*** Block opens ***

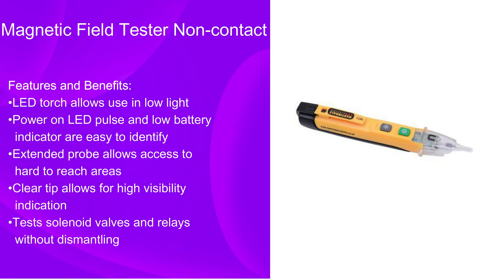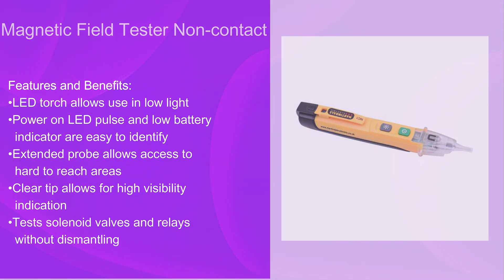The features and benefits include the following: an LED torch which will allow use in low light; a power and LED pulse indicator; and a low battery indicator which are easy to identify. It also includes an extended probe which will allow you to access areas that are hard to reach. It has a clear tip which allows you to see what you are doing better, and you can test solenoid valves and relays without any dismantling.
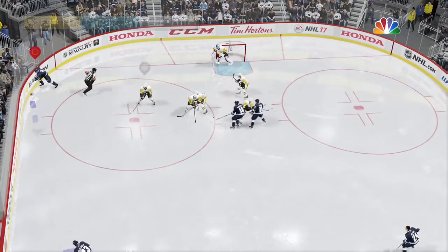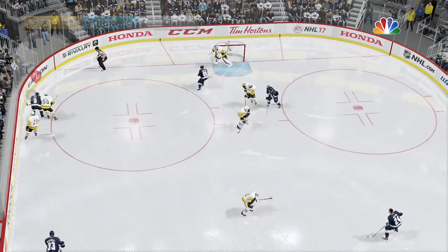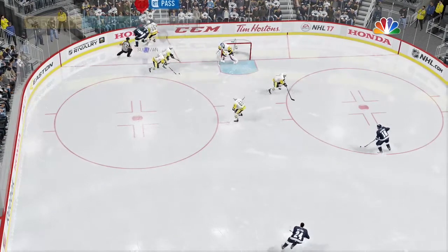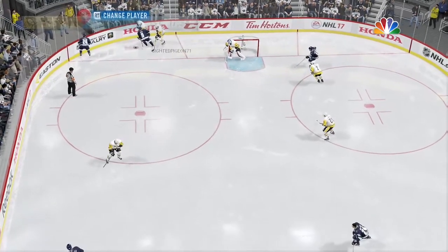Moves it to the corner. The scrum to the plexiglass — good hand to eye and the reach of the stick.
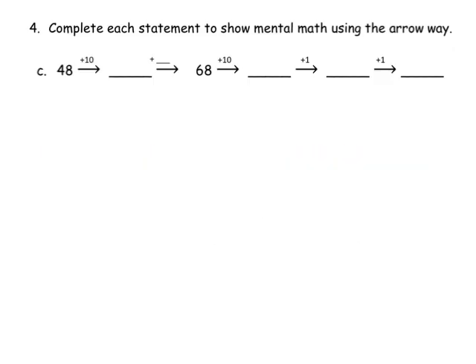For this problem, it says complete each statement to show the mental math using the arrow way. The arrow way is not an official math term — it's designed as a scaffold to help students learn how to do mental math, so it might be unfamiliar to teachers and parents. The idea is we start with 48 and we're going to add 10, so 48 plus 10 gives us 58.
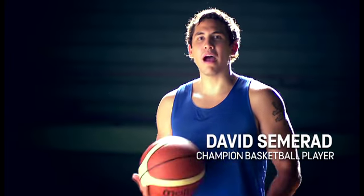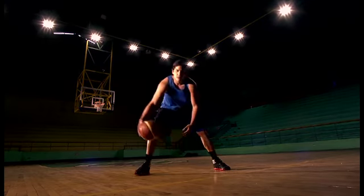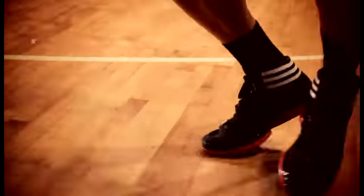Hi, I'm David and this is Powerade Power Tips. No matter what position you play in basketball, you'll have an edge if you're fast. So I'm sharing two drills to help you increase your speed on the floor.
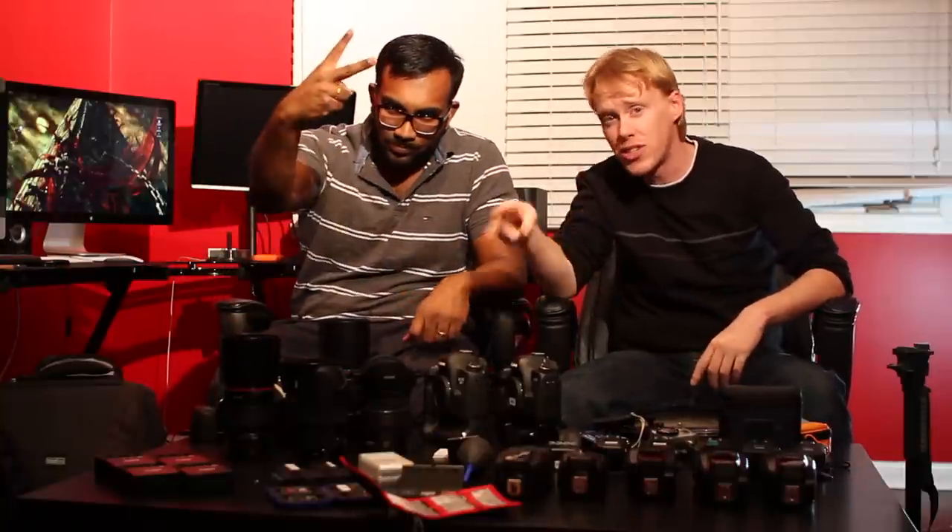Hey guys, I'm Paul, I'm Will, from Paul and Will Photography, and today we're doing part two of what's in our bag.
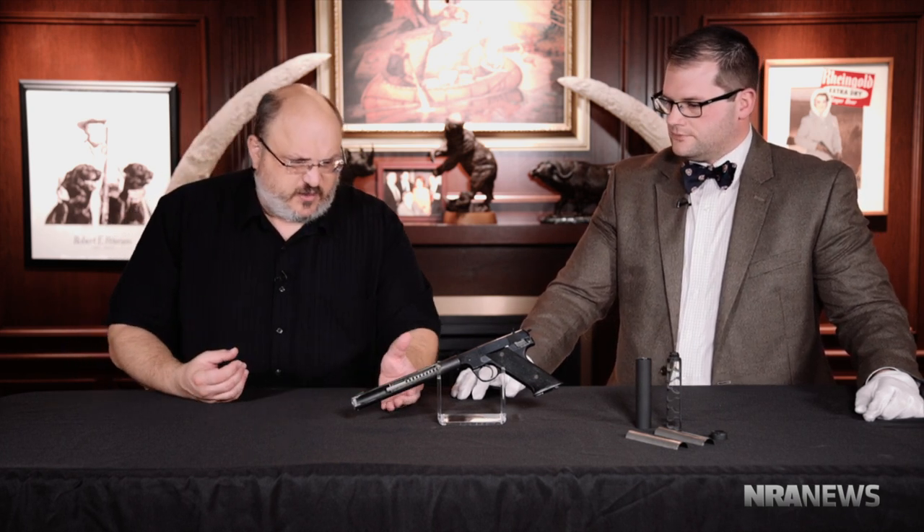We've come a long way as far as the technology, but still impressive — 90% silencing on that original. The whole idea was for your OSS operative to be behind enemy lines fighting the Axis powers during World War II and operating without being heard. So Andrew, how does a suppressor — either one of this generation or that — affect the performance and accuracy of the firearm?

*** Block closes ***

_TASK DIRECTIONS_: Nothing but the lines from the line containing "Hi, I'm David" through the last line of the records above is to be extracted, exactly and with no pictures.

_RESPONSE TO THIS EXERCISE_:
Hi, I'm David and this is Powerade Power Tips. No matter what position you play in basketball, you'll have an edge if you're fast. So I'm sharing two drills to help you increase your speed on the floor.
Hey guys, I'm Paul, I'm Will, from Paul and Will Photography, and today we're doing part two of what's in our bag.
We've come a long way as far as the technology, but still impressive — 90% silencing on that original. The whole idea was for your OSS operative to be behind enemy lines fighting the Axis powers during World War II and operating without being heard. So Andrew, how does a suppressor — either one of this generation or that — affect the performance and accuracy of the firearm?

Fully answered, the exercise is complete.